Start by pouring the almond milk into your blender. This acts as the liquid base and helps everything blend smoothly, so it’s always best to add it first before the thicker ingredients.
Add the Greek yogurt or protein powder into the blender. This step is what makes the smoothie more filling and balanced, especially if you’re using it as a light meal or post-workout option. If using powder, make sure it’s a flavor you enjoy.
Sprinkle in the turmeric and add the ginger. These ingredients bring a warm, slightly earthy flavor, so try to keep the measurements balanced—too much can overpower the smoothie.
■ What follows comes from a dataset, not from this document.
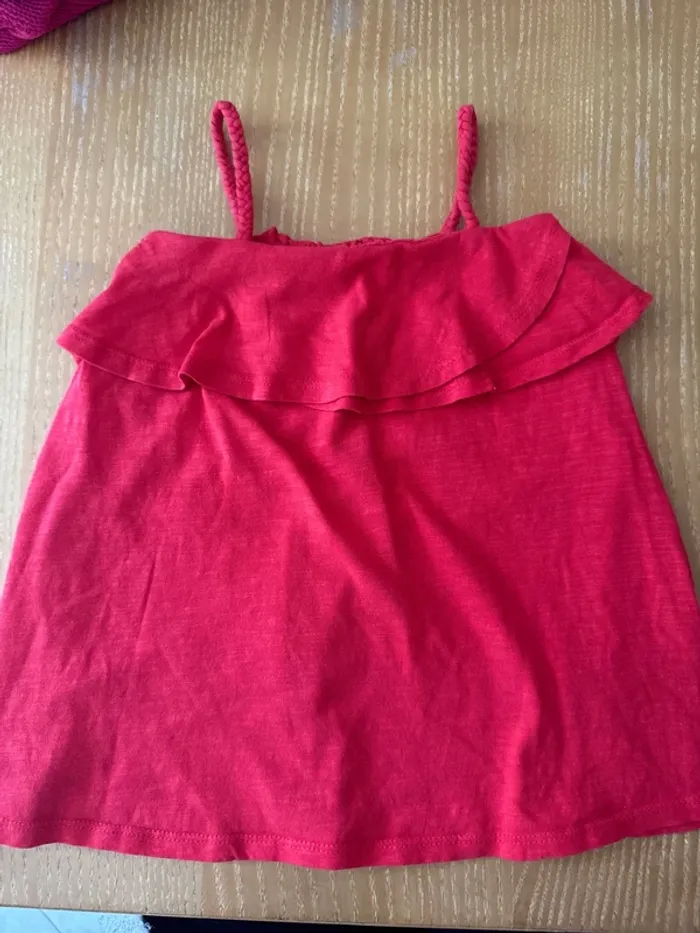 Robe tunique Kiabi 9 mois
Add the chia seeds next. They will help thicken the smoothie slightly and give it a more satisfying texture. Don’t worry if they seem small—they expand a bit as they sit.
Drop in a few ice cubes to give the smoothie a refreshing, chilled consistency. This also helps create that smooth, slightly thick texture you expect from a good smoothie.
Blend everything on high speed for about 30–60 seconds, or until the mixture becomes completely smooth and creamy. Pause and check to make sure there are no lumps or unblended ingredients, especially from the chia seeds or protein powder.
Taste the smoothie and adjust if needed. If you prefer a slightly sweeter flavor, add a small amount of a keto-friendly sweetener like stevia or monk fruit, then blend again briefly to combine.
Pour the smoothie into a glass and serve immediately. Fresh is best for both flavor and texture, so enjoy it right away while it’s cold, smooth, and perfectly blended.